AVAILABLE DATA –
>>>>

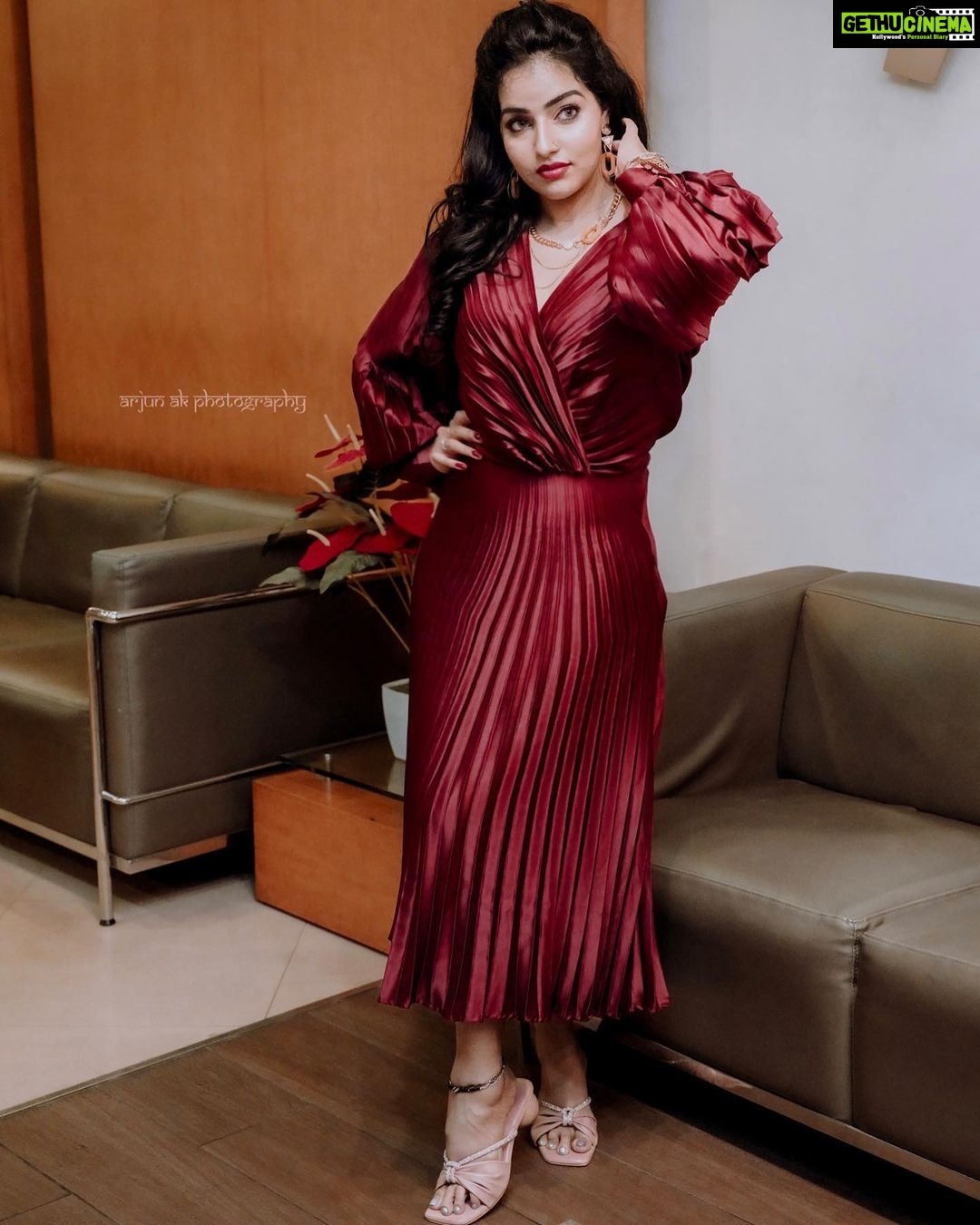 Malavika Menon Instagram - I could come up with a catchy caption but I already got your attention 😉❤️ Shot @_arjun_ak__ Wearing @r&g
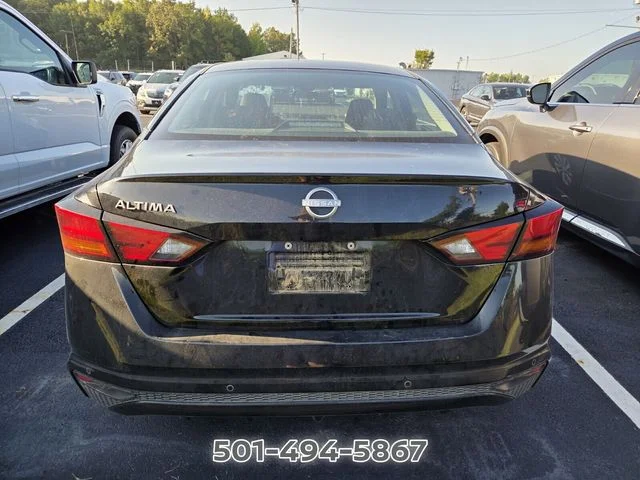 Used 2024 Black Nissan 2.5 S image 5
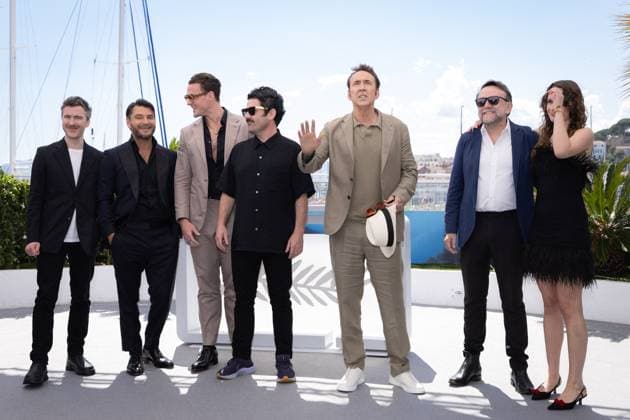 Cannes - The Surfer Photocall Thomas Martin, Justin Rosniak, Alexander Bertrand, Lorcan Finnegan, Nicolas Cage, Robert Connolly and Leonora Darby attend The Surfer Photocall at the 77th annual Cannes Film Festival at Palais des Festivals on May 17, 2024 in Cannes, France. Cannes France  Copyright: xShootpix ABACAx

<<<<

INSTRUCTIONS FOR THE TASK –
Starting at the line that holds "Used 2024 Black Nissan 2.5 S image 5" and ending at the last line of the material above, repeat each line exactly, both ends included, and leave the pictures out.

TASK RESPONSE –
 Used 2024 Black Nissan 2.5 S image 5
 Cannes - The Surfer Photocall Thomas Martin, Justin Rosniak, Alexander Bertrand, Lorcan Finnegan, Nicolas Cage, Robert Connolly and Leonora Darby attend The Surfer Photocall at the 77th annual Cannes Film Festival at Palais des Festivals on May 17, 2024 in Cannes, France. Cannes France  Copyright: xShootpix ABACAx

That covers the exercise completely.